BEGIN Exercise data

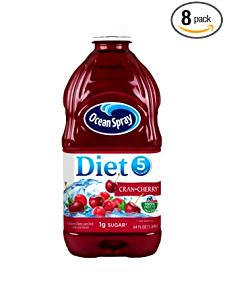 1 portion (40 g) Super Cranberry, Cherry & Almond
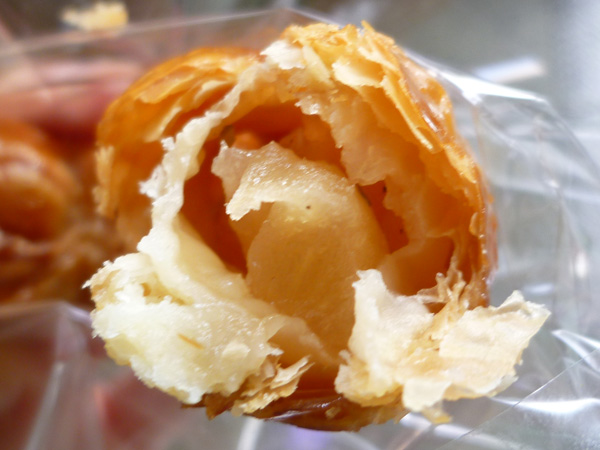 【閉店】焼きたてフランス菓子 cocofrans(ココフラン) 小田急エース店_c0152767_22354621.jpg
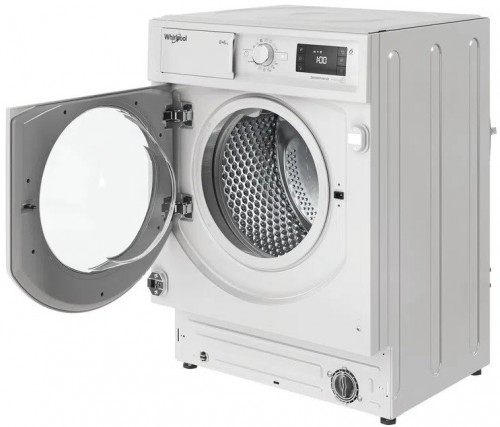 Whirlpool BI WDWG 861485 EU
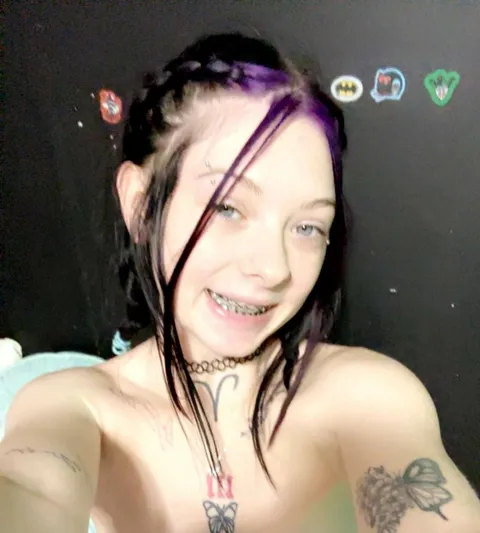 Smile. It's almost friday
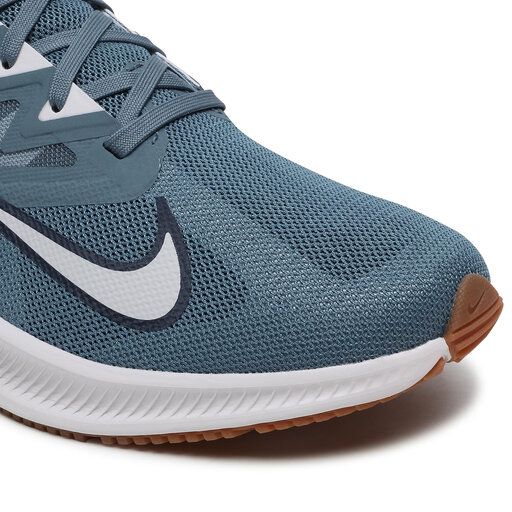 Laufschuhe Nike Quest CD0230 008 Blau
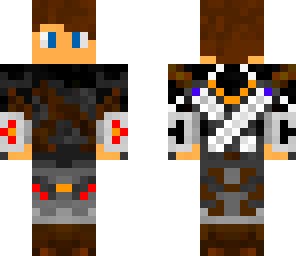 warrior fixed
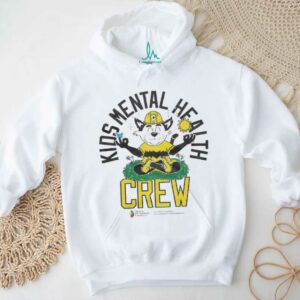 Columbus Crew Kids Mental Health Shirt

END Exercise data

◆ **What the exercise asks**:
With the pictures left out, copy exactly the lines from the one containing "Smile. It's almost friday" through the last line of the data.

◆ **Response**:
 Smile. It's almost friday
 Laufschuhe Nike Quest CD0230 008 Blau
 warrior fixed
 Columbus Crew Kids Mental Health Shirt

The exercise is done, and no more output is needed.